Kuwaiti officials had expected oil prices to hover around $86 dollar per barrel, and prepared the national budget based on expected state oil revenues that never materialized. With oil prices around $40, the government is seeing an ever widening budget deficit as incomes do not match expenses.
While other Gulf countries dealt with such deficits by increasing borrowing, cutting subsidies, and taxing the population, wealthy Kuwait avoided any drastic measures. While the country has over half a trillion dollars in its sovereign wealth fund, a deficit crisis looms on the horizon.
Political games
Politicians are claiming a lack of reform, the voting system, corruption, and government mismanagement are to blame. Yet, absent in the conversation are the potential victims of the country’s crisis, its large population of expats. Native Kuwaitis make up only 30% of the population, with the other 70% consisting of expats, many from South Asia, who work in essential lower and medium wage jobs.

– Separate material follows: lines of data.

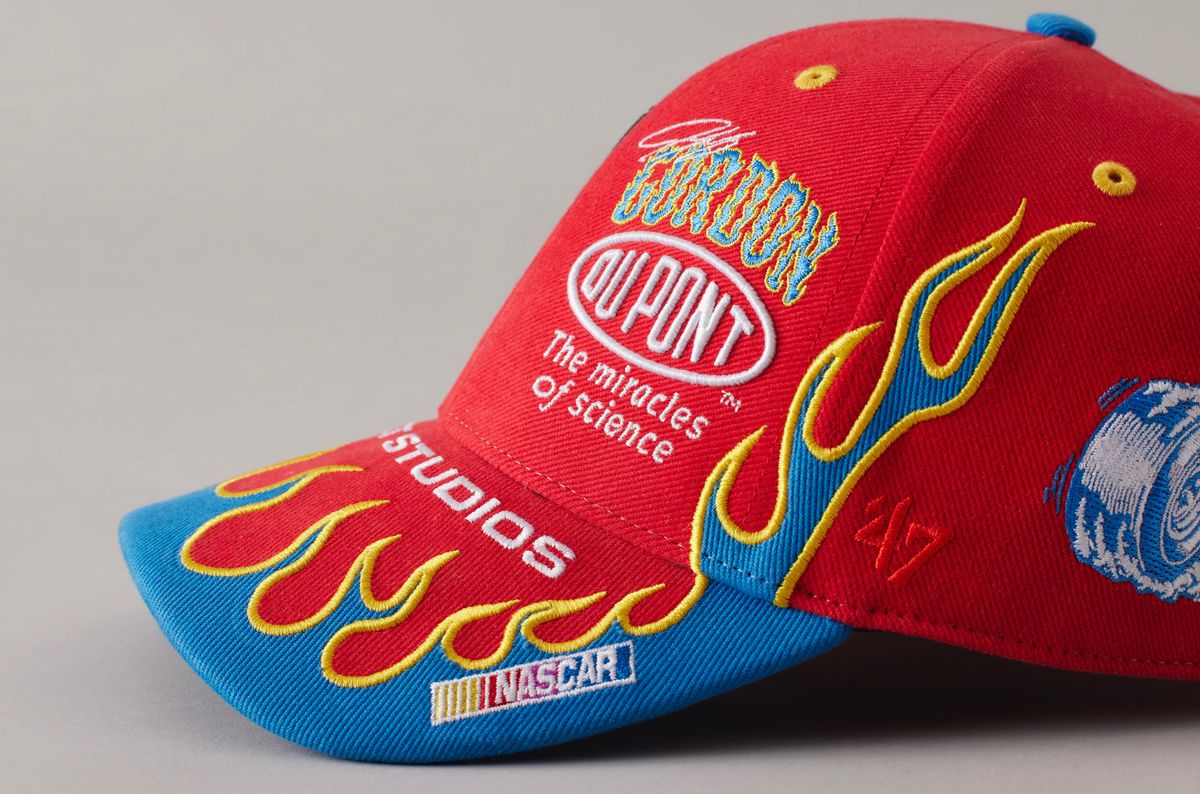 Market Nascar Legendary Jeff Gordan Hat 'Torch Red/Market Flames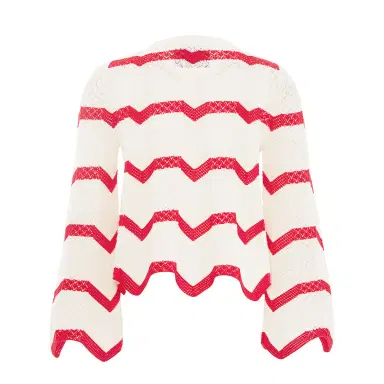 La DoubleJ Chevron Crop Sweater | Thumbnail 5 La DoubleJ Chevron Crop Sweater | Thumbnail 5
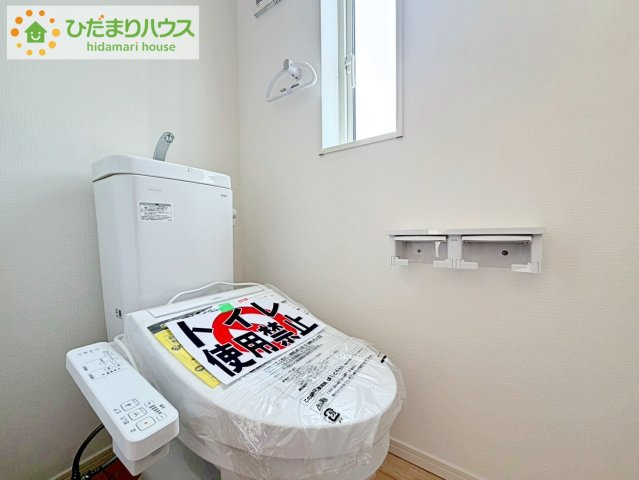 いわき市泉町下川第8　新築戸建　のトイレ|トイレは1F、2F共に完備！取り合いになることがありませんね(^^)/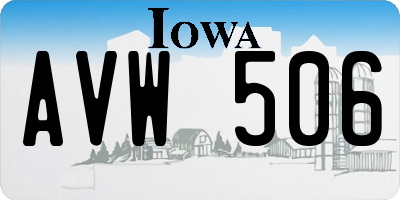 IA license plate AVW506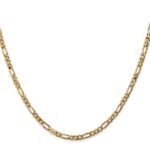 14K 3mm Flat Figaro with Lobster Clasp Chain - Image 2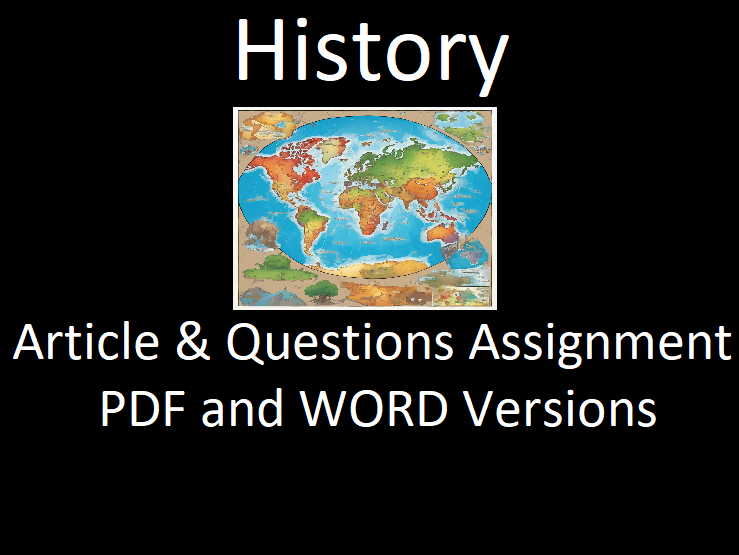 Haight-Ashbury “Article & Questions” Assignment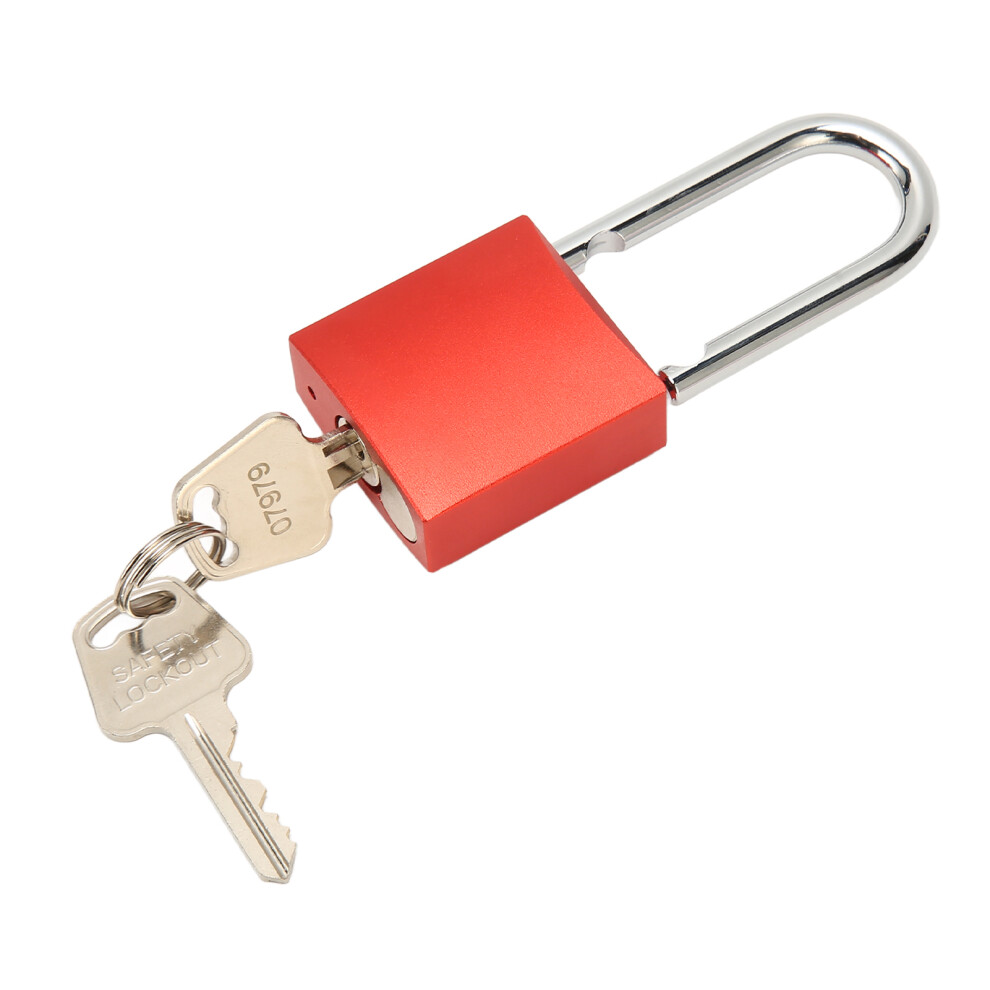 Industrial Aluminum Steel Lockout Padlock Red Safety Lockout 5031375807326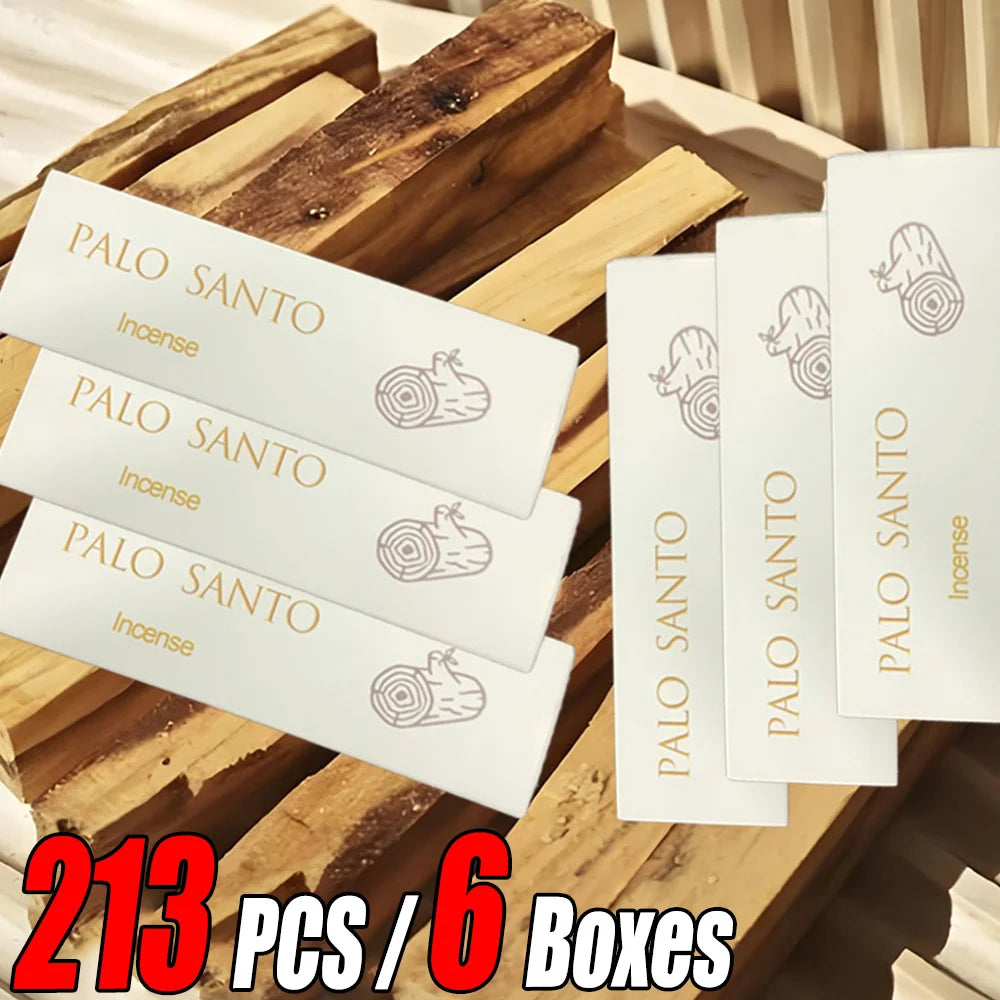 Palosanto Premium Boxed Incense Sticks, 12cm Long Natural Incense Sticks Made from Natural Sacred Wood Powder, with a Strong and Long-Lasting Fragrance, Invigorating and Refreshing, Purifying the Air, Suitable for Home, Office, Hotels, Clubs, and an Ideal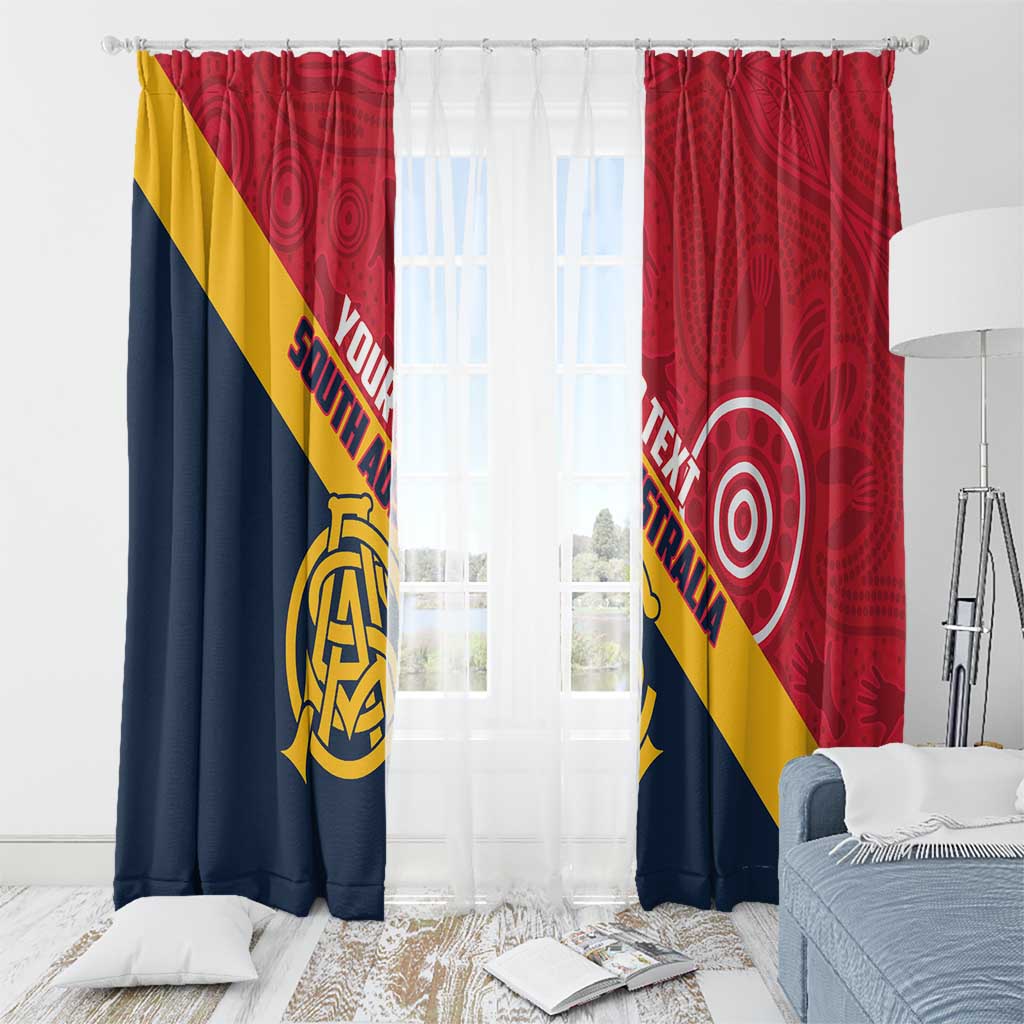 Custom South Australia Cricket Window Curtain Go Champions - Aboriginal Art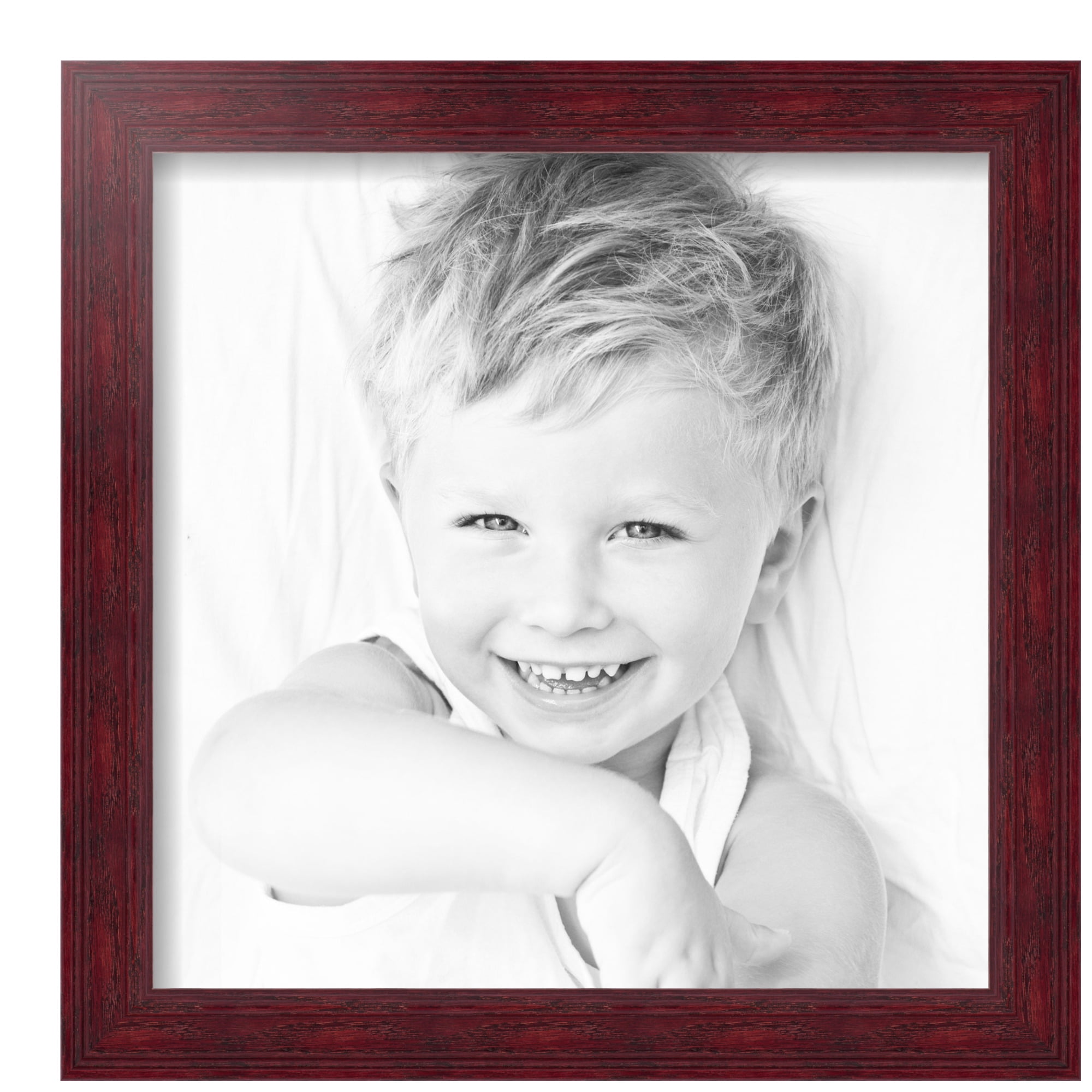 ArtToFrames 14" x 14" Cherry Picture Frame, 14x14 inch Red Wood Poster Frame (WOM-4333), 5 Pack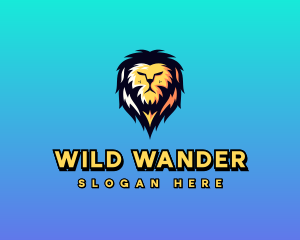 Wild Lion Safari logo design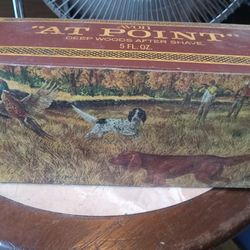 Vintage Avon Dog At Point Tribute After Shave Decanter Bottle Full Brown GlassVintage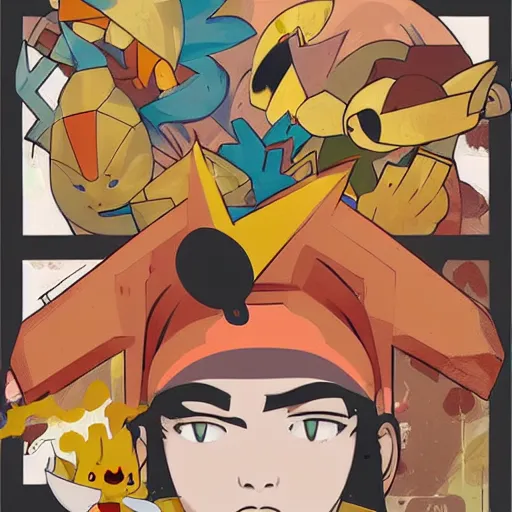 Image similar to Supreme x Pokemon profile picture by Sachin Teng, asymmetrical, Organic Painting , Matte Painting, geometric shapes, hard edges, graffiti, street art:2 by Sachin Teng:4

Kuwait’s politicians appear to have taken a page out of the book of European xenophobic politics. Politicians, public commentators, and journalists have blamed the country’s immigrants for anything from corruption to the spread of COVID-19. Xenophobia against expats has become so common in Kuwait that even the UN is worried about the problematic rhetoric.
While Kuwait’s political class bickers about who is to blame for the country’s economic issues, many expats are preparing to leave the country they considered home for decades. All expats over the age of 60 who do not hold a university degree will not see their residence permits renewed in 2021. The new policy alone is set to deport thousands of expats from Kuwait.
Plight of expats
Amid the misdirected fears of the primarily wealthy native population, a true crisis is emerging for Kuwait’s powerless expats. Yet, the plight of immigrants is not up for debate in the Kuwaiti elections. Elite politicians appear to have learned from Europe’s xenophobes that blaming powerless immigrants is an effective tactic to divert blame from themselves.
“Demographic imbalance” has become the politically correct term those practicing xenophobic politics that scapegoat Kuwait’s important expats prefer to use. Expats have suffered more from the economic fallout of COVID-19 than native Kuwaitis, yet the country’s elite present them as a cause of the problem. Despite local xenophobia, Kuwait continues to depend heavily on expat labor.
While Kuwait provides 90% of native citizens with subsidies and well-paid jobs in the public sector, expats are increasingly seen as an expendable drain on the economy. The government will likely soon be unable to pay public sector salaries. The empty solution it offers is to block expats from Kuwait’s public sector all together.
The government is even draining the relatively poor expat community of funds to fill up budget gaps. The country offered a one-month amnesty to roughly 150,000 expats to renew their expired documents, on the condition that they pay heavy fines. Policies such as Kuwait’s “Foreign Residency Bill” aim to either deport or profit from expats.